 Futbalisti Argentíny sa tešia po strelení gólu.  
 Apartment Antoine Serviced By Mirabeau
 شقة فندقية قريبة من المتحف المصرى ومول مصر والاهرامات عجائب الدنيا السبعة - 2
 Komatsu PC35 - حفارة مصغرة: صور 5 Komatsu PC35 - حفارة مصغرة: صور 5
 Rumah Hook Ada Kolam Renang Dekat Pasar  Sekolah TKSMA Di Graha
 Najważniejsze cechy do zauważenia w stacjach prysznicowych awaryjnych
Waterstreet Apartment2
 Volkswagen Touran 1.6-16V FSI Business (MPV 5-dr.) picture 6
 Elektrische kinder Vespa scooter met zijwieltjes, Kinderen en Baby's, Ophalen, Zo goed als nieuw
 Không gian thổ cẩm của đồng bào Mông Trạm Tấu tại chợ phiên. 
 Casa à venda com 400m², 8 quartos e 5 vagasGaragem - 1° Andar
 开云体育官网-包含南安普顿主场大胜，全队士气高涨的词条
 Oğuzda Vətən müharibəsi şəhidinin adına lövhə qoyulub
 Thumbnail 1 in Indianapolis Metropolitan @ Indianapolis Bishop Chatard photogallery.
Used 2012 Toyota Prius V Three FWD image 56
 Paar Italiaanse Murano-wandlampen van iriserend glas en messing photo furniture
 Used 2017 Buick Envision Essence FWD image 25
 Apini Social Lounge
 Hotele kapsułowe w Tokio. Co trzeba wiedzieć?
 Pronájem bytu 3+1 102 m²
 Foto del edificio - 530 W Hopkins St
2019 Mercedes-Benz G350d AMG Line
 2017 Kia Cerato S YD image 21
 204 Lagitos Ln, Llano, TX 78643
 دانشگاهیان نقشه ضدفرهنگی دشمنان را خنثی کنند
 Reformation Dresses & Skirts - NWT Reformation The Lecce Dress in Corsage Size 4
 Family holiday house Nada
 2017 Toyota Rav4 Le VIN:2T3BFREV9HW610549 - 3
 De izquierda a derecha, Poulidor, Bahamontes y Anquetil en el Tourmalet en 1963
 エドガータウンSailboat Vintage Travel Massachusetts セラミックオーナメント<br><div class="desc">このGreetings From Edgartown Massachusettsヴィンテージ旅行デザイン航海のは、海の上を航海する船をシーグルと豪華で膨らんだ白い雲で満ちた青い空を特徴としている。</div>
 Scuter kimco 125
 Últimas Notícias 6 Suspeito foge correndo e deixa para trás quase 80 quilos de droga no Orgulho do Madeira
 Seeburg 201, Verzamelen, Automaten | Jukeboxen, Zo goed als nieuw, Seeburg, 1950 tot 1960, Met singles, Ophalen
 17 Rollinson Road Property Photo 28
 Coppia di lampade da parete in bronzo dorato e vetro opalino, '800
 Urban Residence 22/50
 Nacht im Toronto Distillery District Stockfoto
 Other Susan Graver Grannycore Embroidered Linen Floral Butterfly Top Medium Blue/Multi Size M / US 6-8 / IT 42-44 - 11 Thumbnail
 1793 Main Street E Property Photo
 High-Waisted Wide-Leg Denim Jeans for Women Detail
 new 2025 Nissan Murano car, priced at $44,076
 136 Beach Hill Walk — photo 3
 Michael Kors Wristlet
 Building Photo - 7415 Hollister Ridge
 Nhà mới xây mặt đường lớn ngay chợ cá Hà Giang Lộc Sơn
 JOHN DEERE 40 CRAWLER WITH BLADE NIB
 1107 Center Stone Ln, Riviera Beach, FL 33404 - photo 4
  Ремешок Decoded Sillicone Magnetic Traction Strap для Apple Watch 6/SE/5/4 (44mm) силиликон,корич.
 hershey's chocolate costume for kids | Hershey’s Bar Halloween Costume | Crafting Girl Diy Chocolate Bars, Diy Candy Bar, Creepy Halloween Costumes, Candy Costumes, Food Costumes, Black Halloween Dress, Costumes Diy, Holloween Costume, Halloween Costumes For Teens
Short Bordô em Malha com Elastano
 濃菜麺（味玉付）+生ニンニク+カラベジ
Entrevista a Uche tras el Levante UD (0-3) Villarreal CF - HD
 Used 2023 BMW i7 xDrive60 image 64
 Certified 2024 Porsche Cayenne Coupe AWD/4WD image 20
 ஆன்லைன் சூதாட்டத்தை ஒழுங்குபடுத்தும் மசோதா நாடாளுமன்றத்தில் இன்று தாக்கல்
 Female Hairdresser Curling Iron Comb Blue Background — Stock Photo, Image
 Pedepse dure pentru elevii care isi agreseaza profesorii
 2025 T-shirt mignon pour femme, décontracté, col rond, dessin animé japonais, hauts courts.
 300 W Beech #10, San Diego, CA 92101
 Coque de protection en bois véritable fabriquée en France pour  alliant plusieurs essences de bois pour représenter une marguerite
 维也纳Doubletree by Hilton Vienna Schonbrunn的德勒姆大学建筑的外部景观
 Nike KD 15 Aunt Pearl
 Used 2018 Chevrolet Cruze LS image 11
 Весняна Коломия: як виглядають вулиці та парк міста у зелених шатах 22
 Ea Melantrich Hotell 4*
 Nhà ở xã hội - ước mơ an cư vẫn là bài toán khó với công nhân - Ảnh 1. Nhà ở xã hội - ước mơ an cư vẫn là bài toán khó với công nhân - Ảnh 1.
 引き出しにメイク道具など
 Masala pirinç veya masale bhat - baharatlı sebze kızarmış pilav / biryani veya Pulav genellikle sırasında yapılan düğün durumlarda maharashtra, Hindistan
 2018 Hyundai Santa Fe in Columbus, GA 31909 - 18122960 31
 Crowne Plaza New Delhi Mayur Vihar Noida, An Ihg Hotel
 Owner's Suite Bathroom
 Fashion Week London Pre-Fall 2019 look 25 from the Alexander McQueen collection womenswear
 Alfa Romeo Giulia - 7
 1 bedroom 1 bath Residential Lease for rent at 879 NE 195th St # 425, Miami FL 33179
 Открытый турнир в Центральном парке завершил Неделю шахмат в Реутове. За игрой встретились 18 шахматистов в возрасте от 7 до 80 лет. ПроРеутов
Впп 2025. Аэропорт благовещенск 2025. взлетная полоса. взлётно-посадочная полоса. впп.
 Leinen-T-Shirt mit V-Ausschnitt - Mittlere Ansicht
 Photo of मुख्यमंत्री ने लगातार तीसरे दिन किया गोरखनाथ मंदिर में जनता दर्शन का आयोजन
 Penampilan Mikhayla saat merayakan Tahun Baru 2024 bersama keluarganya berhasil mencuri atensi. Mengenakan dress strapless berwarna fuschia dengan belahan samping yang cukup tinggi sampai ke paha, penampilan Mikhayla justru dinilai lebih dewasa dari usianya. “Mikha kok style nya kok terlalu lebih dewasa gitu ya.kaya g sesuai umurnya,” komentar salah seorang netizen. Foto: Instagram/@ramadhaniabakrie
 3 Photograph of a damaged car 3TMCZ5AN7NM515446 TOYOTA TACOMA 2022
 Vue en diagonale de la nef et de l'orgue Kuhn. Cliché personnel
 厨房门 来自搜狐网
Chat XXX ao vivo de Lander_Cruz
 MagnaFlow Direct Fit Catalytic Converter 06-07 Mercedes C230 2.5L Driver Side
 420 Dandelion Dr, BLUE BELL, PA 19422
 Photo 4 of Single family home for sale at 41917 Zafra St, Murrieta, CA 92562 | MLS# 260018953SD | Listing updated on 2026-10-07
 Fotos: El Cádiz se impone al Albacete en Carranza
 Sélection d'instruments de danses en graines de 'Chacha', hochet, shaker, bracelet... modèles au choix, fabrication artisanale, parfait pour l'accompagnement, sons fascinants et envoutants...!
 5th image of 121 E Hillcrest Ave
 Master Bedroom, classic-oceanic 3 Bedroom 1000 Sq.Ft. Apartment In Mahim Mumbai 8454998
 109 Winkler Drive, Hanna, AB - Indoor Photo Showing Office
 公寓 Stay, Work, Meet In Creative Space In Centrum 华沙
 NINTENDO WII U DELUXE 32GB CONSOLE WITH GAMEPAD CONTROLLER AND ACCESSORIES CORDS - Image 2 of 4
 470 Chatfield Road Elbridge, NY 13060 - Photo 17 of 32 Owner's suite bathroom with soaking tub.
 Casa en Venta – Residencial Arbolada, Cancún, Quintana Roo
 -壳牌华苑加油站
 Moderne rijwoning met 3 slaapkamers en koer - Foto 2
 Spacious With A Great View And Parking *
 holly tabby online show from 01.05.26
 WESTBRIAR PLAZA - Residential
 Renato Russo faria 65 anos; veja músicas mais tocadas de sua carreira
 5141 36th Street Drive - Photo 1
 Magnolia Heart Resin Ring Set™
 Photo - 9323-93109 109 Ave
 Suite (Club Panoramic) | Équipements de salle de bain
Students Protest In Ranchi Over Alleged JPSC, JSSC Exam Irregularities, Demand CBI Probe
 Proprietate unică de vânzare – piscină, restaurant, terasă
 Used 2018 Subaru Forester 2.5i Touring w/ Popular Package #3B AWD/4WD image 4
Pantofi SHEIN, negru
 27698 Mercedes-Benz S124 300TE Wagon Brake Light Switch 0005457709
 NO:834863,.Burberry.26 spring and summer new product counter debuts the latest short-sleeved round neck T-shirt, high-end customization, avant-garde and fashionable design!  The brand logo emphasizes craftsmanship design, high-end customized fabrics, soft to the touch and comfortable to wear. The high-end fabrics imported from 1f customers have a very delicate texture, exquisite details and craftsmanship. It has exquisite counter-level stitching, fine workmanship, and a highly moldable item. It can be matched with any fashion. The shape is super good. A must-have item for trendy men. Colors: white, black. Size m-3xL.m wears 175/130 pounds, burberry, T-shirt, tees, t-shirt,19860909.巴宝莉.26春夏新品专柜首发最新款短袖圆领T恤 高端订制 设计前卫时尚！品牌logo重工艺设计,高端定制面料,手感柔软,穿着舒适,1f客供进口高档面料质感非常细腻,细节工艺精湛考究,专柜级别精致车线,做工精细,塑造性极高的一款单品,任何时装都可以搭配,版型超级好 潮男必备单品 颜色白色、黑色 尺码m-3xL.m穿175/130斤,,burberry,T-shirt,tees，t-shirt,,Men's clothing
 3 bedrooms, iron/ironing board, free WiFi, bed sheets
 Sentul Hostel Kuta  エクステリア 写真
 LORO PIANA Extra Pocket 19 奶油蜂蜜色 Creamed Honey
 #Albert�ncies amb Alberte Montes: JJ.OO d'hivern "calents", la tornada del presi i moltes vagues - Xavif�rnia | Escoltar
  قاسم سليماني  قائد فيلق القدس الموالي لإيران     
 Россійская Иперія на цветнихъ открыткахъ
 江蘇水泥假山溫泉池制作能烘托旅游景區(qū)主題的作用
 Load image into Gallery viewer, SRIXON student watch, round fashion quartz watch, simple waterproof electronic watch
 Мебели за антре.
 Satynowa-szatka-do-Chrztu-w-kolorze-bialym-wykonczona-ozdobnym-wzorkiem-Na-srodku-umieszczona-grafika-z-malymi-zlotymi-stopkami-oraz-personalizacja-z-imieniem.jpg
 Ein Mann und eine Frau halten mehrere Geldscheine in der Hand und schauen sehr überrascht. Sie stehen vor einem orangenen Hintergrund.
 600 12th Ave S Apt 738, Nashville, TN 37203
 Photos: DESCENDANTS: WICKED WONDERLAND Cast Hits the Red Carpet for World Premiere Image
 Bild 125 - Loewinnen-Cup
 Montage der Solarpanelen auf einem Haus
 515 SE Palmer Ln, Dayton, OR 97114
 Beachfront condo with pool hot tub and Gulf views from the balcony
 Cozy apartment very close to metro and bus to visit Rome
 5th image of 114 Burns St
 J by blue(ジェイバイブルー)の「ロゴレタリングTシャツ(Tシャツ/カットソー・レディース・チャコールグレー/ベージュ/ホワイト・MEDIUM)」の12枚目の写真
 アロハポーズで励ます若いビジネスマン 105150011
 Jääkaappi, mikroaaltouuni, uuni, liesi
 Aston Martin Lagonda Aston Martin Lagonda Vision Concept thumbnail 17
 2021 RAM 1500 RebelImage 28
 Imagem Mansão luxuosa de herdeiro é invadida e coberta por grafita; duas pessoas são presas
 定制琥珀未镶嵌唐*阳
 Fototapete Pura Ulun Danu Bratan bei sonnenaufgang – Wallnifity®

ABOUT THIS TASK:
For an answer, give a copy of every line in the listing that holds the word "Ophalen".

ANSWER SPACE:
 Elektrische kinder Vespa scooter met zijwieltjes, Kinderen en Baby's, Ophalen, Zo goed als nieuw
 Seeburg 201, Verzamelen, Automaten | Jukeboxen, Zo goed als nieuw, Seeburg, 1950 tot 1960, Met singles, Ophalen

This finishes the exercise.